Pierce County to purge names of dubious voters

TACOMA — Pierce County is slated to strike 230 names from its voter rolls this week as it wraps up a probe of voter registration fraud.

The investigation centered on registrations submitted by employees of the Association of Community Organizations for Reform Now, or ACORN, a national advocacy group for low-income people.

ACORN workers submitted more than 1,800 registration forms in King County and about 1,400 in Pierce County in the fall of 2006.

Last summer, King County prosecutors charged seven ACORN employees with submitting false information on voter registration cards. Five of the seven have since pleaded guilty. Two ACORN employees admitted falsifying registrations in Pierce County.

Pierce County Auditor Pat McCarthy said her staff became suspicious when they noticed a large number of the registrations came from voters who supposedly lived at the Tacoma Rescue Mission, a group that provides food, shelter and other services to the homeless.

Prosecutors believe ACORN workers were not scheming to permit illegal voting, but rather trying to get paid for work they didn’t do.

ACORN workers, who earned $8 an hour, flipped through phone books or made names up when they fell short of quotas they were supposed to meet, said Allen Rose, a Pierce County deputy prosecutor.

In a few cases, the workers appeared to have used the names of celebrities.
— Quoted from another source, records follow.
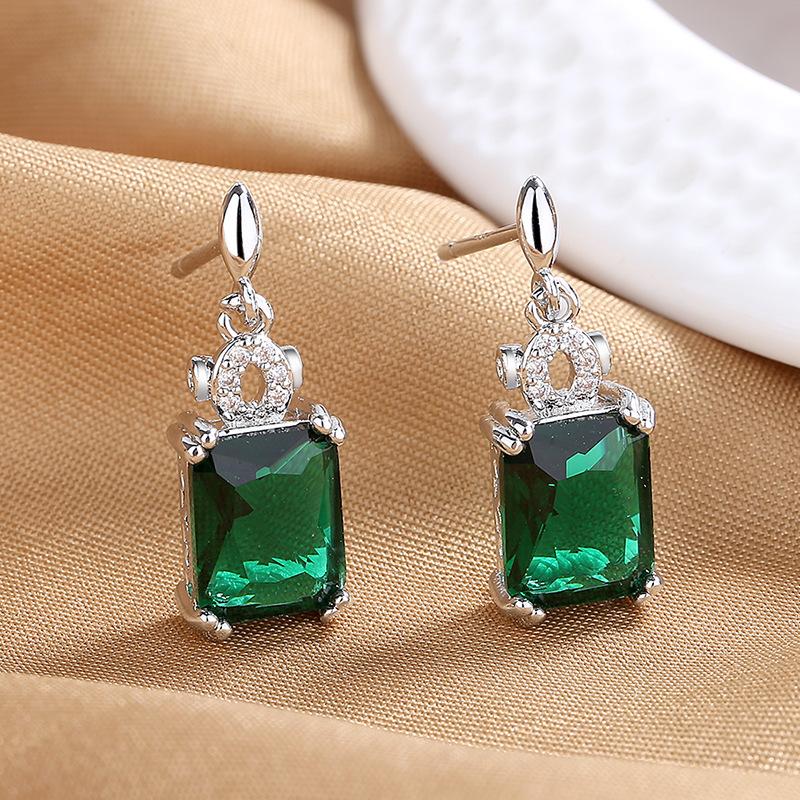 Женские серьги Lindon из медного сплава с цирконием, серьги-капли для женщин, подарки для свадебной вечеринки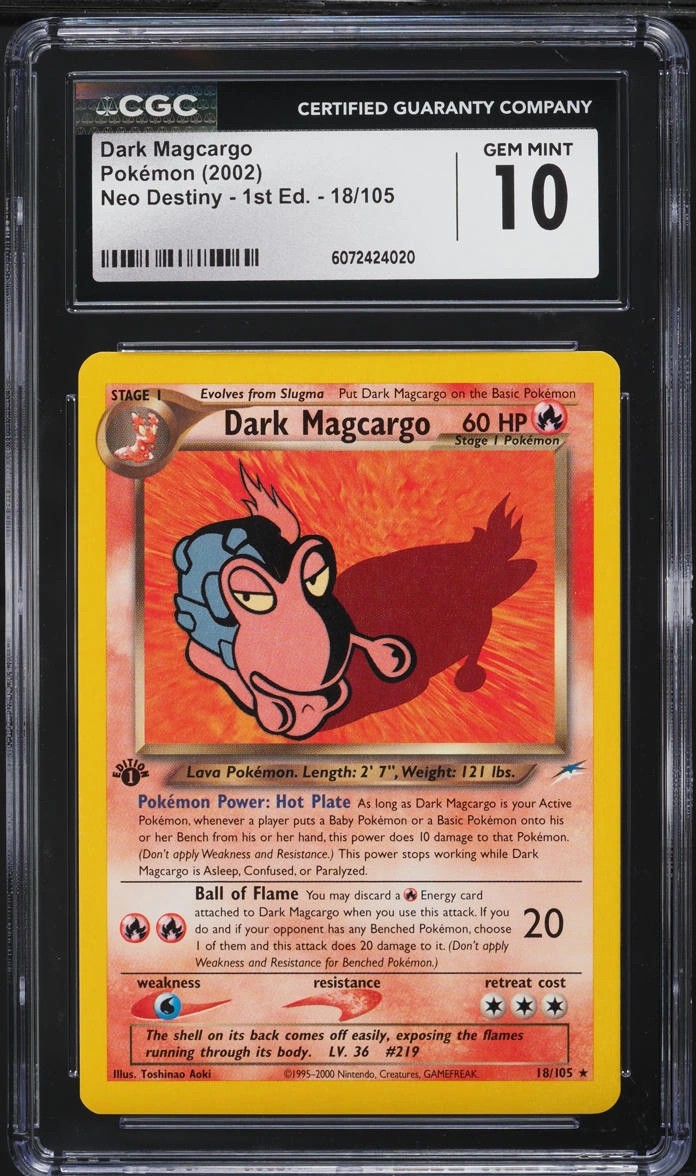 Dark Magcargo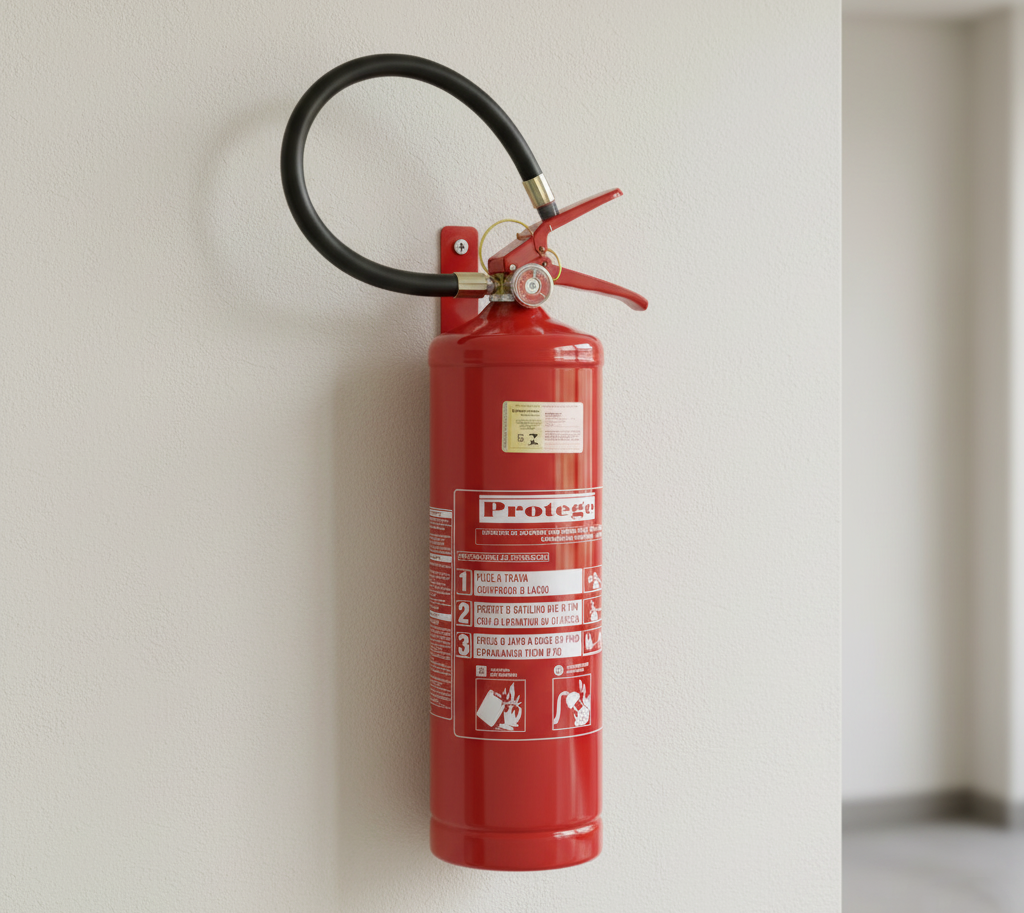 Extintores portáteis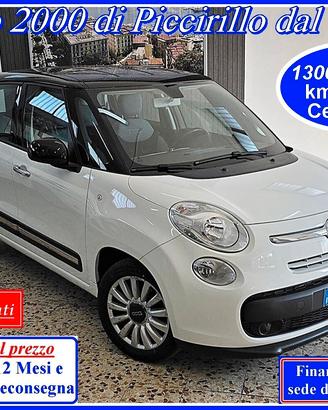 Fiat 500L 1300 Multijet 95cv km 90.000 Certificati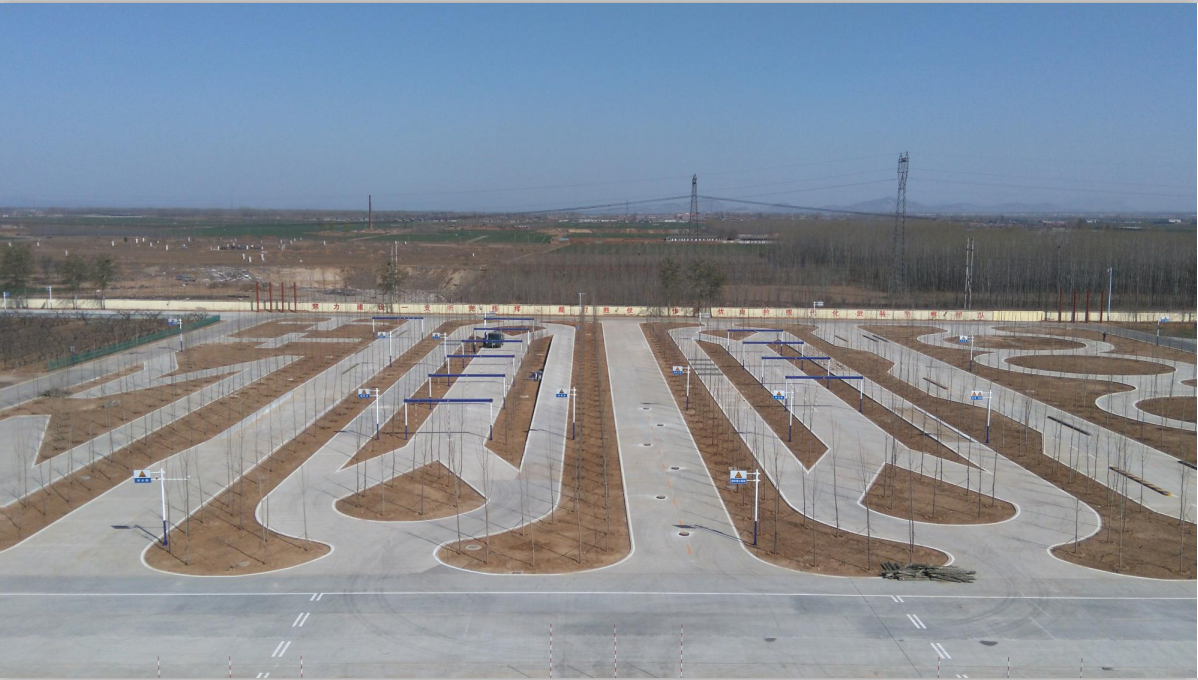 機動(dòng)車(chē)駕駛員考場(chǎng)系統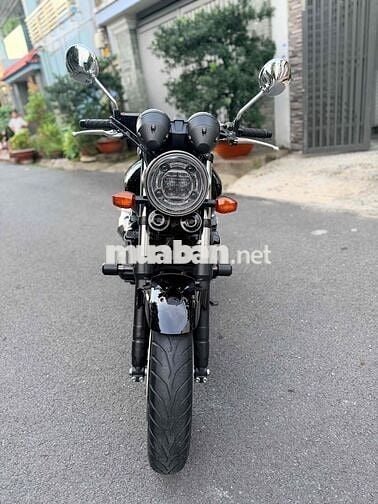 Honda CB400 Super Four ABS 2018 Đen 8.000km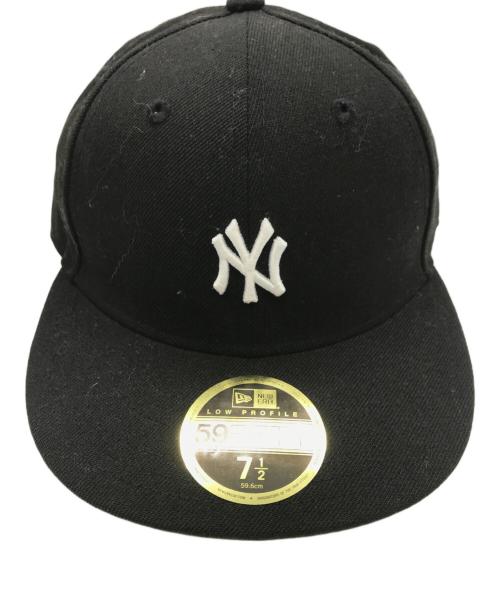KITH（キス）KITH (キス) New Era (ニューエラ) スモールロゴキャップ ネイビーの古着・服飾アイテム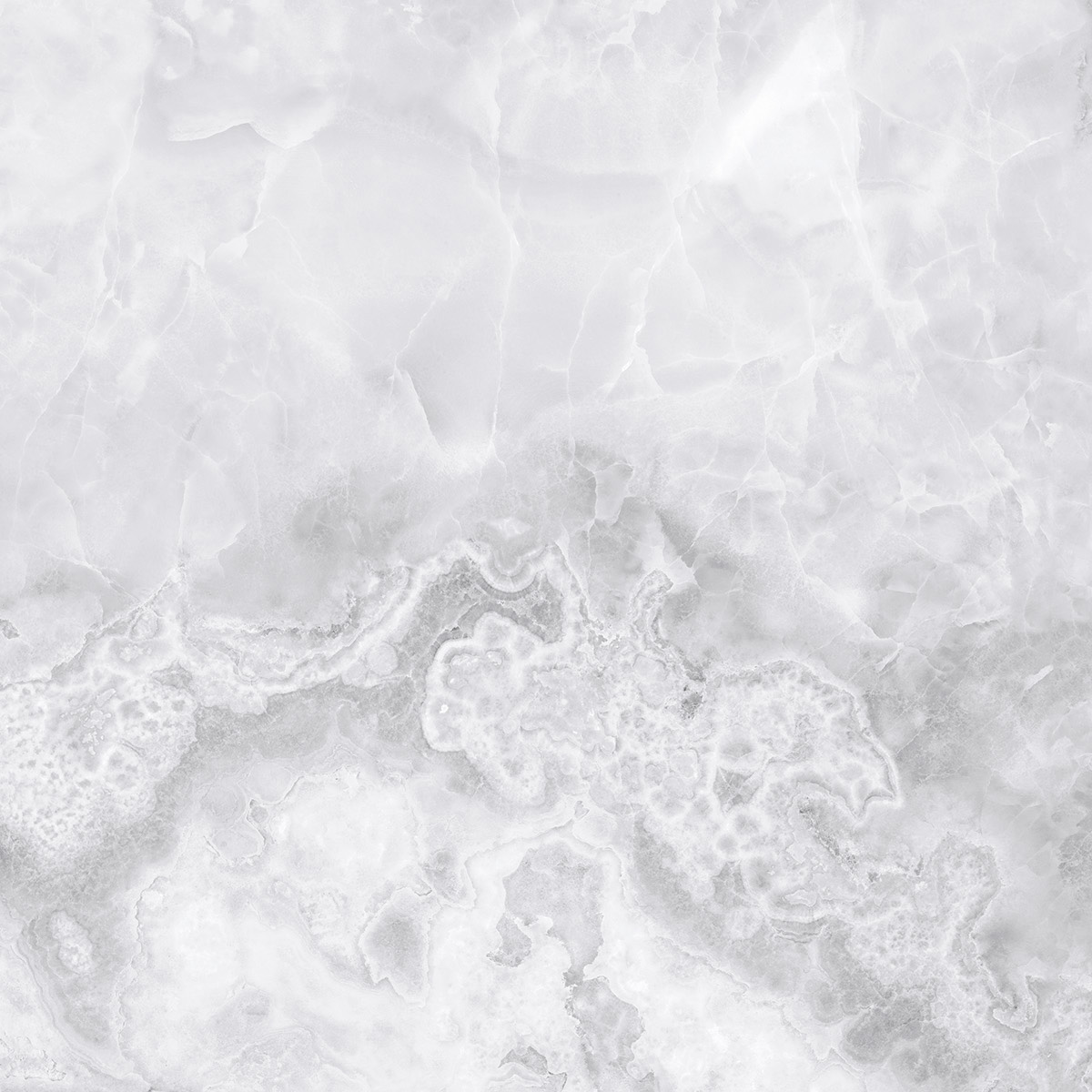 Onyx Silver Satin 60x60 Colortile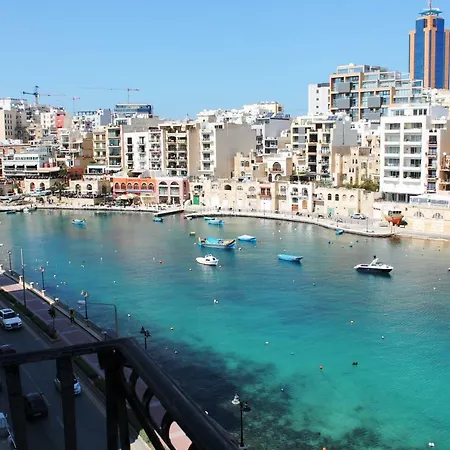 Apartament Getawaysmalta Spinola Bay Mansion Seafront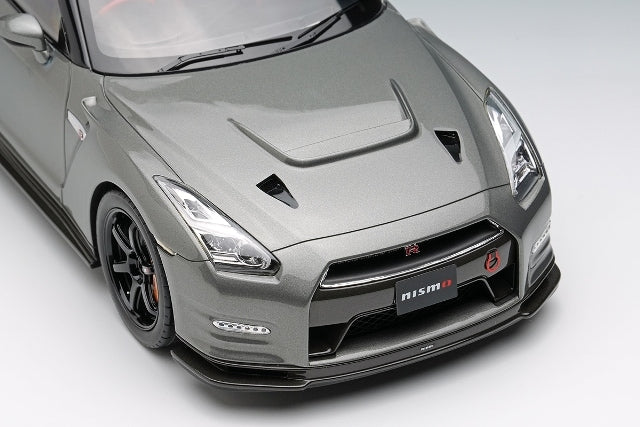 [ Pre-order ] EML173 Make Up EIDOLON 1:18 Nissan GT-R (NISMO R35 CRS Version) 2013 Dark Metal Gray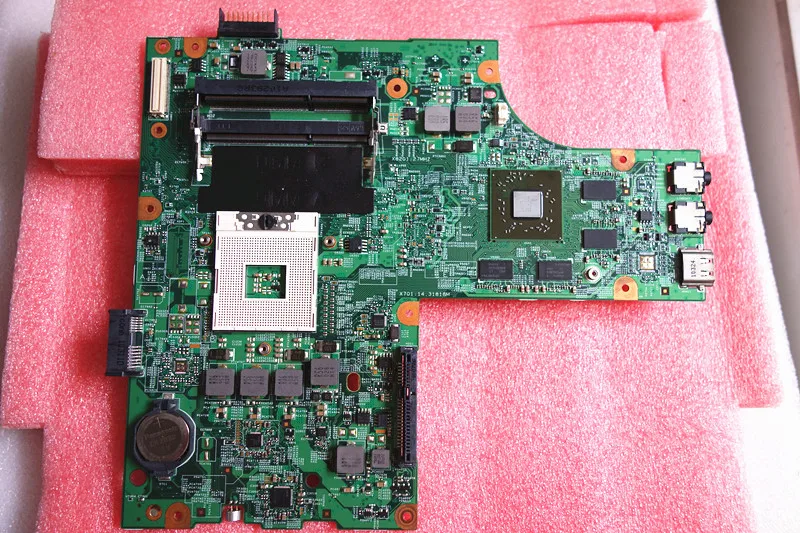 Подходит для DELL inspiron N5010 системная материнская плата CN-0VX53T CN-052F31 09909-1 48.4HH01.011 HM57 GPU бортовой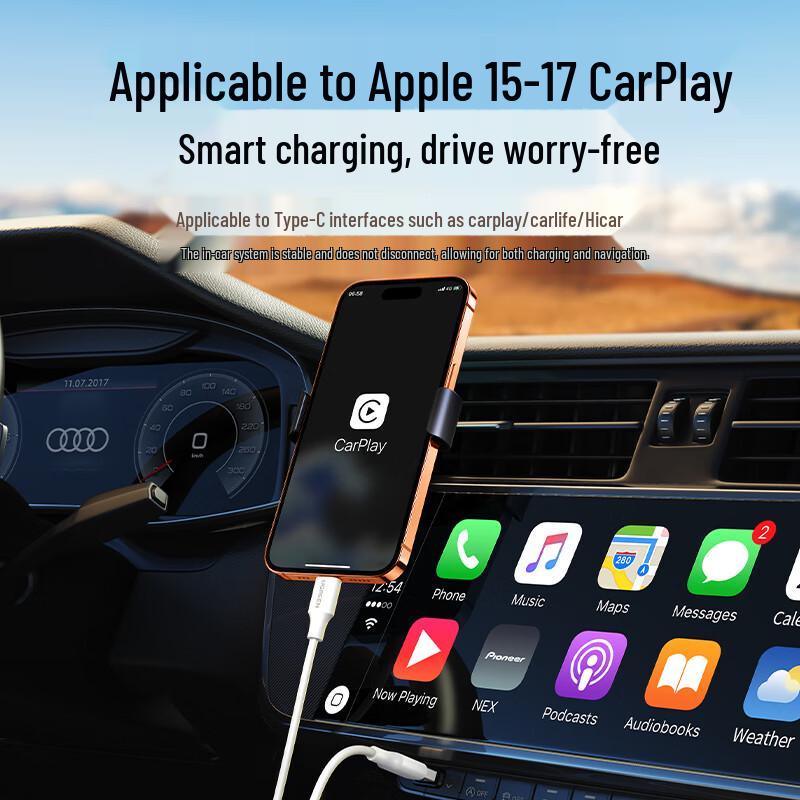 UGREEN USB-A to Type-C Fast Charging Data Cable for iPhone 15-17 & Android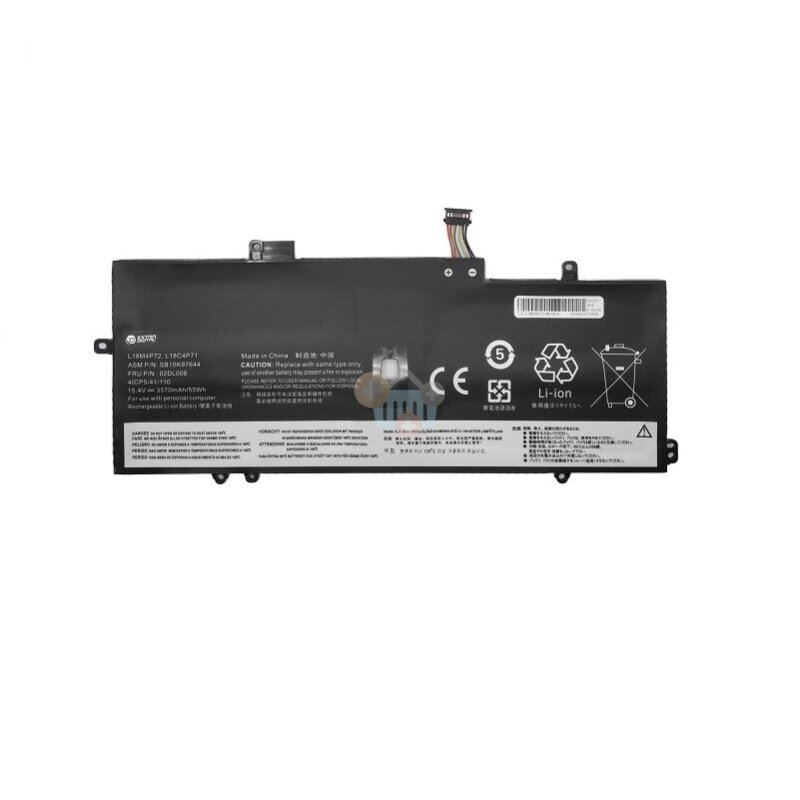 Nešiojamo kompiuterio baterija LENOVO L18M4P72, 55 Wh/3570mAh +++ TOP Balansas Nešiojamo kompiuterio baterija LENOVO L18M4P72, 55 Wh/3570mAh +++ TOP Balansas
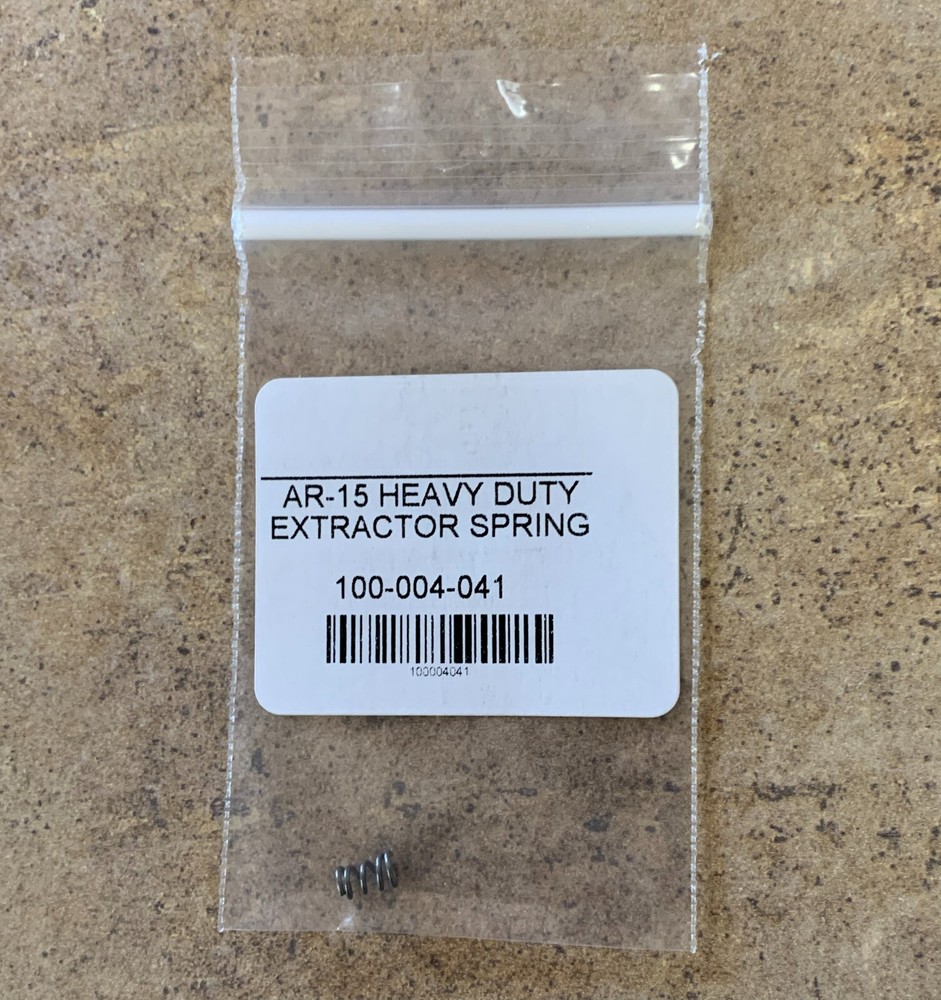 AFMC HEAVY DUTY EXTRACTOR SPRING / NEW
Pierce County received registrations for “Veronica Mars,” a character in the television series of the same name, and “Pat Tillman,” a football player who left the NFL to become an Army Ranger and died in Afghanistan in 2004.

No ballots from the fraudulent registrations were cast.

Last year the King County Canvassing Board removed 1,762 fraudulent registrations from King County’s voter list.

On Wednesday, Rose will ask the Pierce County Canvassing Board to purge 230 registrations submitted by ACORN workers.

All the supposed voters lived at the Tacoma Rescue Mission, according to the forms. The county sent two letters to each of them trying to verify registrations. All were returned undeliverable.

Legitimate voters can attend the hearing to contest the challenge to their registrations, but Rose doesn’t think that’s likely. “I don’t think anybody’s going to be there,” Rose said.

Once the county’s voter rolls are cleaned up, “we’ll be able to put this issue to bed,” McCarthy said.